Mar Amusing ‘Reunion’

Tracing the course of characters’ lives through three successive 10-year high school alumni gatherings, “Reunion,” from Chautauqua Theatre Alliance, delivers plentiful laughs and some touching moments along the way. Ultimately, however, the piece amounts to little more than overextended sketch comedy, falling short of the potential in its ripe premise.

The frighteningly familiar assortment of oddballs, goof-offs, wannabes and losers assembled each decade in the Sweeney High School gym are the creations of the 10-member cast. Each actor plays multiple roles, creating the sense of a crowd, even though only two or three are usually onstage at any given time for the quick episodic exchanges that make up the show’s structure.
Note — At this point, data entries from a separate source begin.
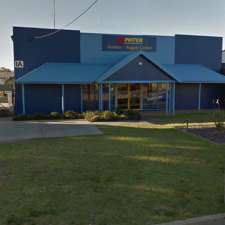 Pirtek Wagga Wagga | 1A Wentworth St, East Wagga Wagga NSW 2650, Australia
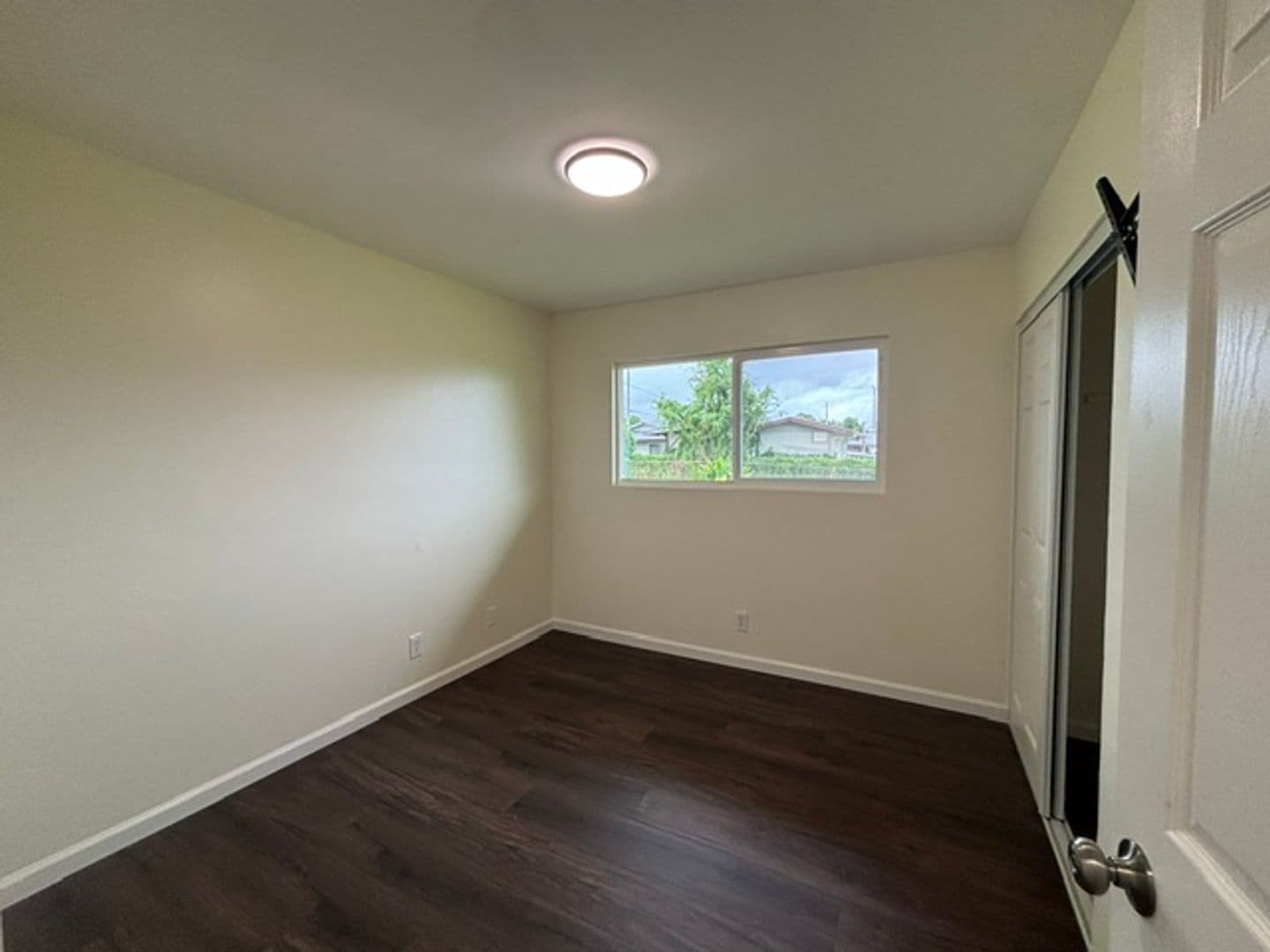 Hilo House: 1413 Kilaha Street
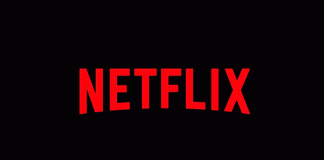 Netflix sube precios en México: esto pagarás desde abril
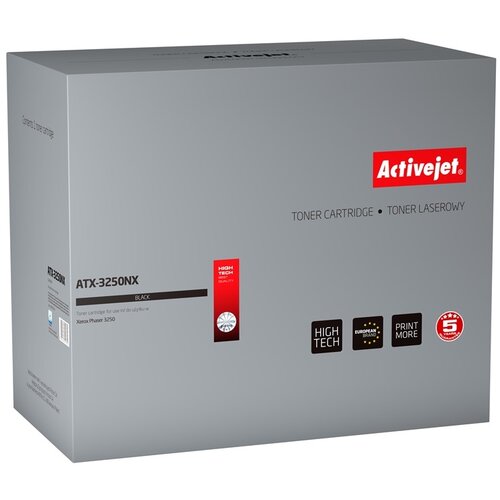 Toner ACTIVEJET ATX-3250NX Czarny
Some of these characterizations are merely quirky exaggerations, but the most effective ones also strike a note of poignant authenticity amid their idiosyncrasies. Standouts include a gay man adjusting to his sexual identity and the surly event organizer (co-directors Michael Caldwell and Rachel Winfree); a desperately cheery chatterbox cheerleader and her morose identical twin (both played by Victoria Delaney); the football star (Stefan Umstead) who crashes back to earth when an injury cuts short his pro career; the aspiring actress (Christina Welsh) whose Broadway dream eludes her; the painfully awkward wallflower (Irene White) who tries in vain to dispel rumors that she died; the leather-jacketed tough (Damon Shalit) with feet of clay; and a crabby spinster (Cindy Benson, filling in for Denise Moses). Tom Bottelsen turns in particularly memorable portrayals of a clueless nerd and an alcoholic financier trying to figure out where his life went wrong.

Although the characters’ circumstances evolve between their 1986, 1996 and 2006 reunions, the performances give little sense of physical aging. Other than period music, opportunities to tie in historical context are largely ignored.

While the ensemble creates generally engaging narrative arcs for the characters, the “scripting by committee” approach lacks the focus and direction of a true playwright’s vision. The piece plays like a performers’ showcase, with an obligatory need to cycle through people, regardless of whether they’re worth spending time with--not unlike an actual high school reunion, but here the hyperrealism has no aesthetic payoff.